In a previous post I argued that Psalm 23 should be read as a corporate song expressing the hope Israel has in their God as a Good Shepherd.  The song is laced with messianic hope for a future true Shepherd who will lead them out of the “valley of the shadow of death” to the House of the Lord, where they will live forever.  As I stated previously, the two metaphors (God as shepherd and God as host) are common metaphors expressing messianic hope in the Hebrew Bible and they are often paired (Ezekiel 34 and Isa 40-55, for example).

The presence of the Shepherd is a comfort to the flock.  Unlike Psalm 22, the worshiper feels the presence of God in a very real way and he is comforted by this.   While it is true that “to comfort does not mean to sympathize but to encourage,” (HALOT, 689, citing Elliger), the word has a very tender and compassionate undertone. It is often associated with comforting someone after the death of a loved one.  The word is used in Gen 37:35 to describe the effort of the family to comfort Jacob after Joseph appears to have been killed (cf. Jer 16:17).

The word appears in several Messianic contexts.  In Isa 61:2 the activities of the “anointed one” includes comforting those who mourn. This is the text Jesus read in Nazareth at the beginning of this ministry, directly applying it to himself as the Messiah, the good Shepherd who will comfort the one who mourns.  In Isa 66:13, when Jerusalem is restored, she will be comforted by the Lord as a mother comforts her child.

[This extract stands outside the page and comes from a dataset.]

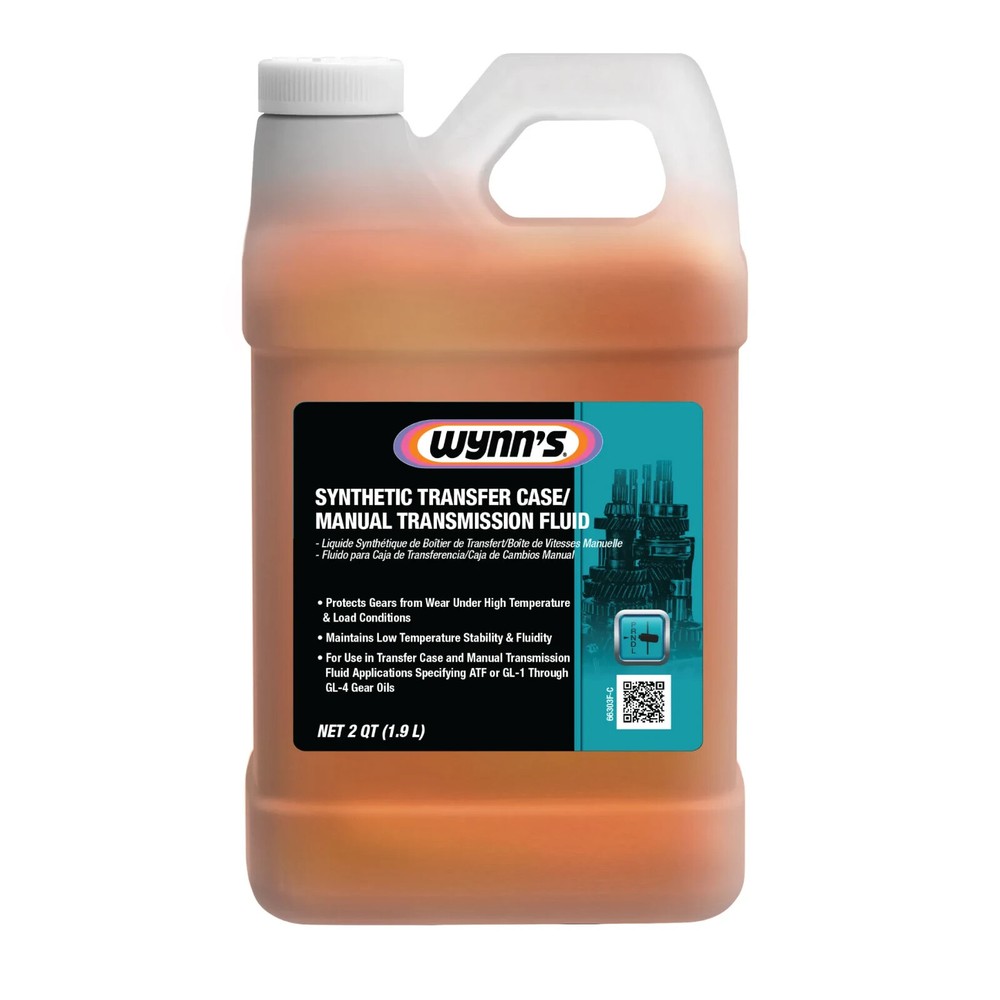 Wynn's Synthetic Transfer Manual Transmission Fluid
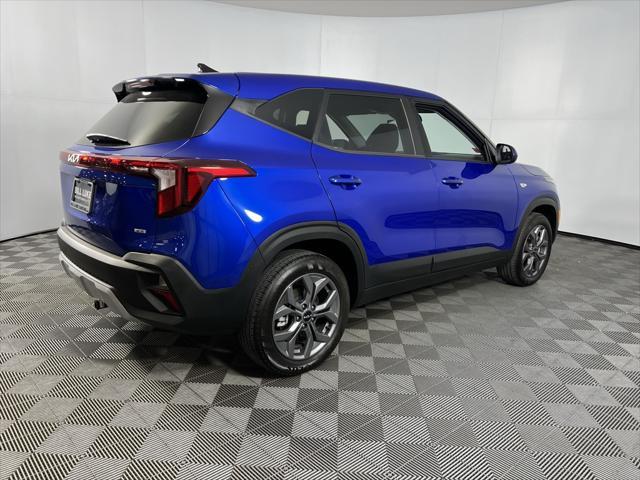 used 2024 Kia Seltos car, priced at $24,973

There are a number of texts which describe God as tenderly comforting Israel (Isa 1:21; Ps 71:21 86:17 119:82; God comforts his people Isa 49:13, 52:9, 66:13, God comforts Zion, Isa 51:3; Zech 1:17; Isa 51:12 Jer 31:13, Lam 2:13; Ps 119:76, with hesed).  Perhaps most significant for the argument I am making here is Jer 31:13 which describes the future time when God makes a New Covenant with his people.  “Then shall the young women rejoice in the dance, and the young men and the old shall be merry. I will turn their mourning into joy; I will comfort them, and give them gladness for sorrow.”  The future age will be characterized by a reversal of Israel’s mourning (Lam 2:13).  Instead she will rejoice as the Lord tenderly comforts her.

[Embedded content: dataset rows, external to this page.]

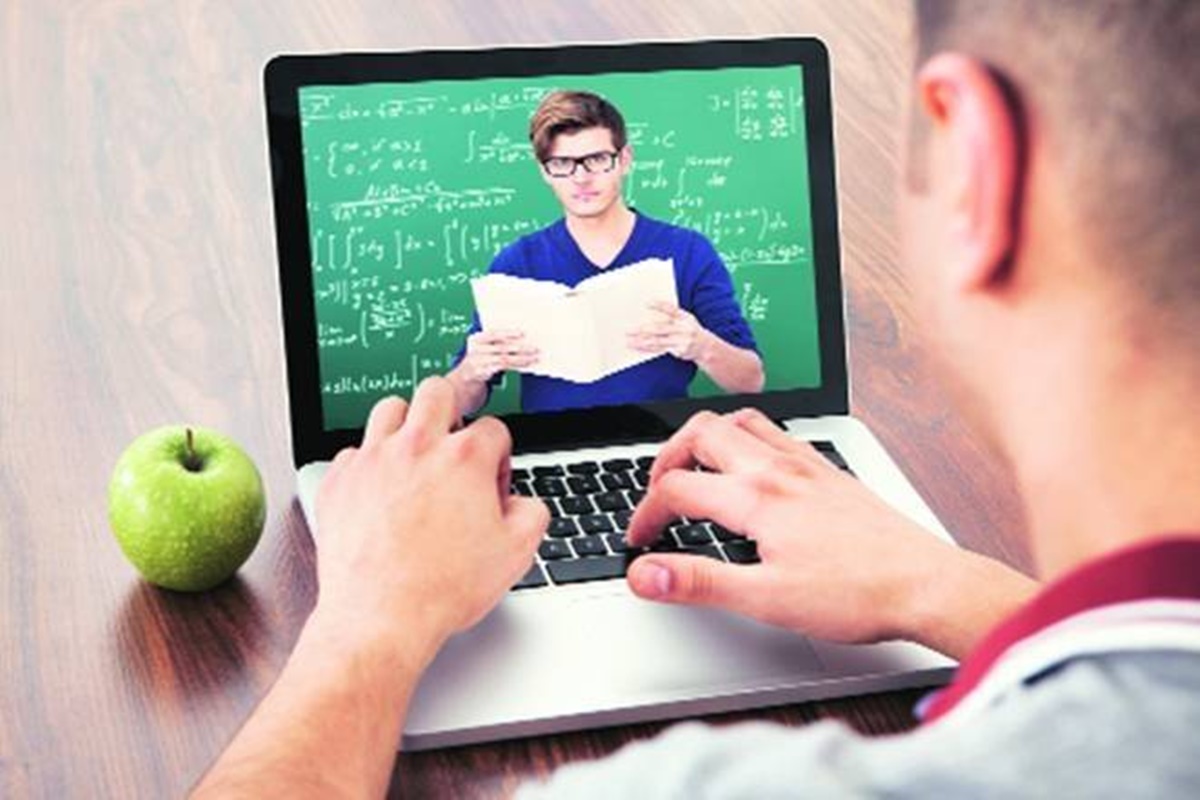 The government is formulating policies to foster digital skilling. The government is formulating policies to foster digital skilling.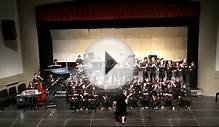 2015 CJMS Jazz Band A Night at the Movies Part 3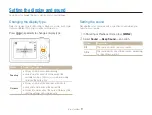 Preview for 22 page of Samsung ES90 User Manual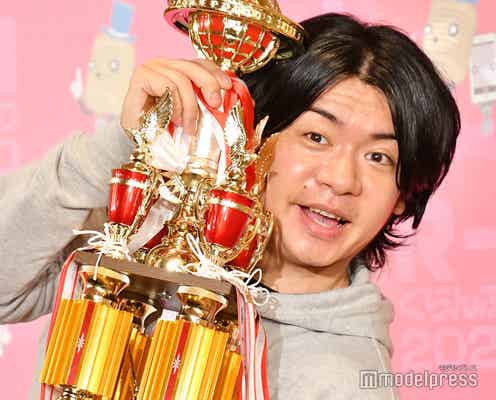 「R-1ぐらんぷり2020」野田クリスタルが優勝 異例の無観客開催は「やりやすい」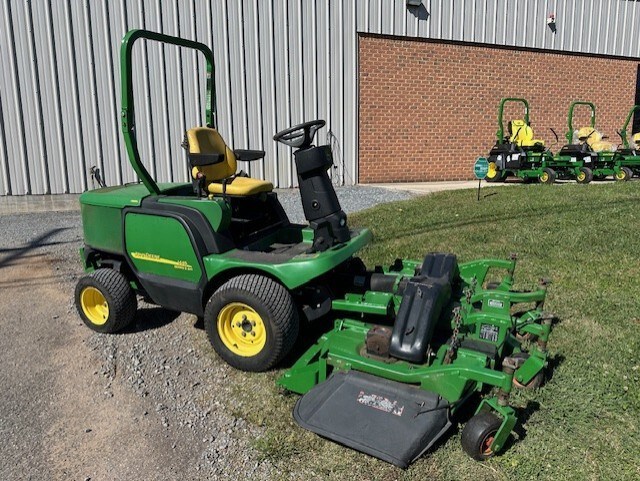 2008 John Deere 1445 4WD Commercial Front Mowers For Sale 2008 John Deere 1445 4WD Commercial Front Mowers For Sale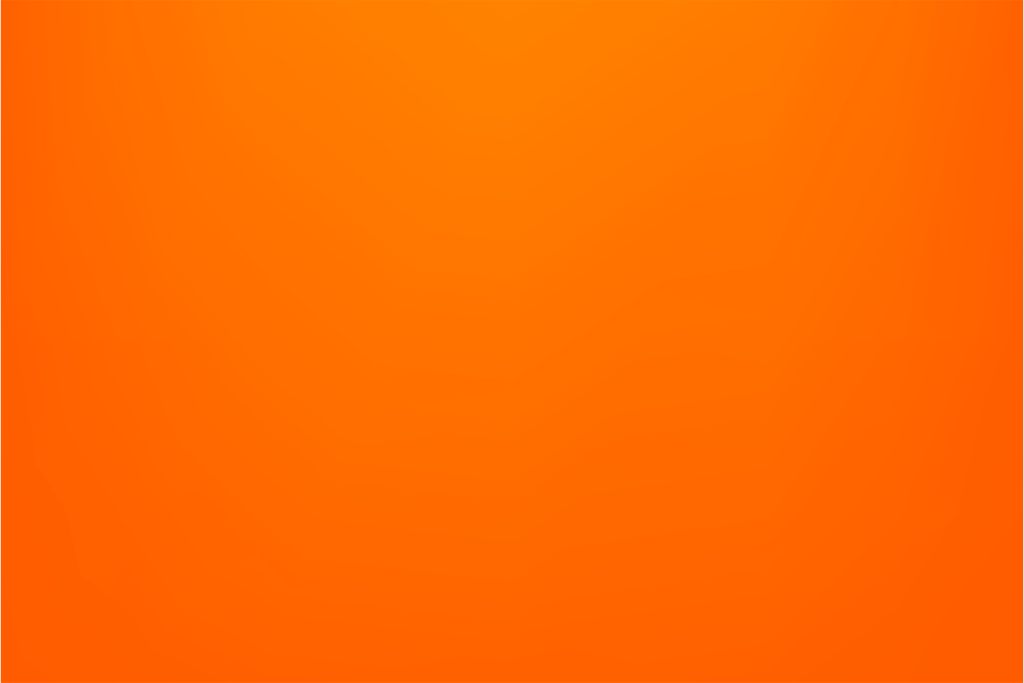 orange color representing mood ring meaning
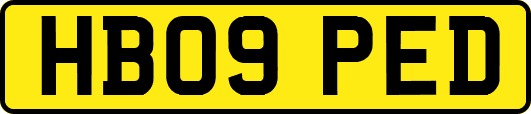 HB09PED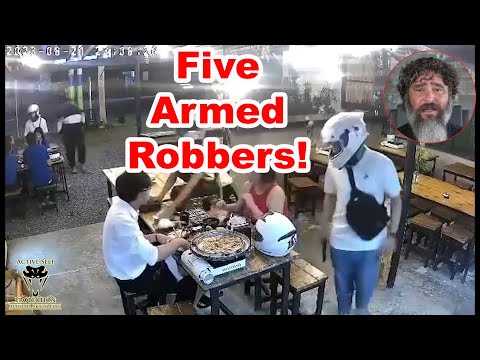 Learn Self-Defense Strategies: Armed Robbery in the Philippines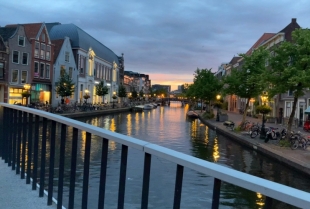 Ovog proleća posetite Lajden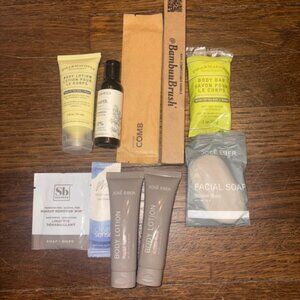 NEW- Travel Essential Bundle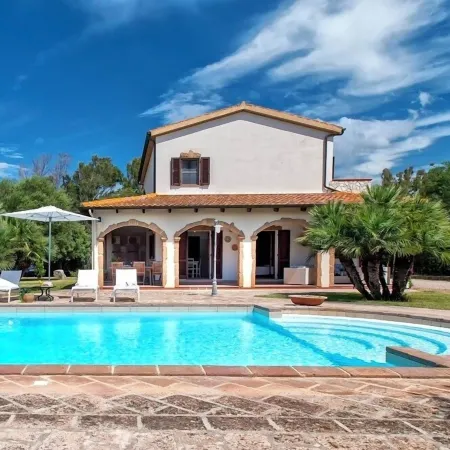 Tenute San Giuliano, Agri Resort San Giuliano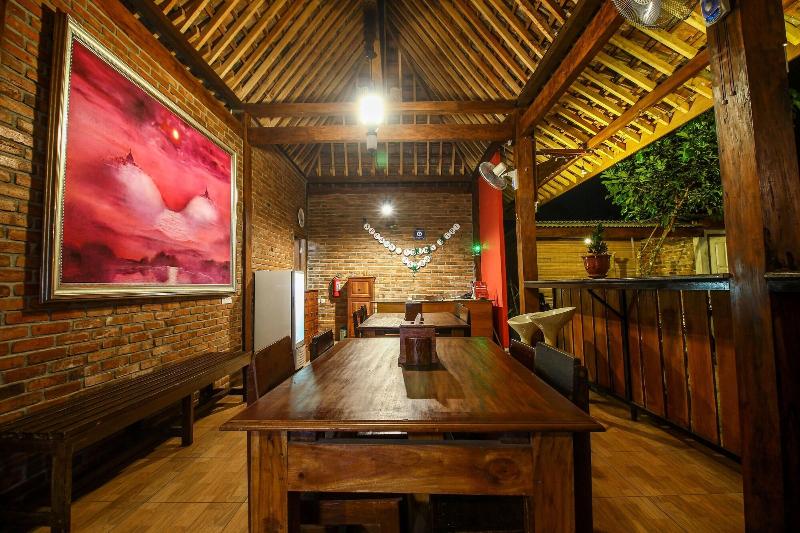 Cempaka Villa Ii - Restoran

Verse five has three metaphors which are usually found in the context of the Messiah elsewhere in the Hebrew Bible. A Banquet Table

Preparing a Table – Messianic Banquet.  This is a banquet eaten in the presence of the enemy.  This may be a result of a treaty (the enemy is invited to eat with the King who conquered them), or more likely the table is spread on the field of battle and the enemy is destroyed. To “spread a table” implies a sumptuous meal. While the word table can refer to any meal, it is used for a king’s banquet (Judg 1:7 1Sam 20:29, 34, 2Sam 9:7,10, 11, 13; 19:29 1Kings  2:7, 5:7 10:5 / 2 Chron 9:4; Dan 11:27; Neh 5:17), this does not have to be a table, but rugs spread out on the ground for a king to eat a banquet, as Isa 21:5.   The term is used of an eschatological banquet in Isa 65:11, the Lord sets a table for Fortune, and in Ps 78:19 it refers to God setting a table in the wilderness, in Prov 9:2 Lady Wisdom has prepared a table.)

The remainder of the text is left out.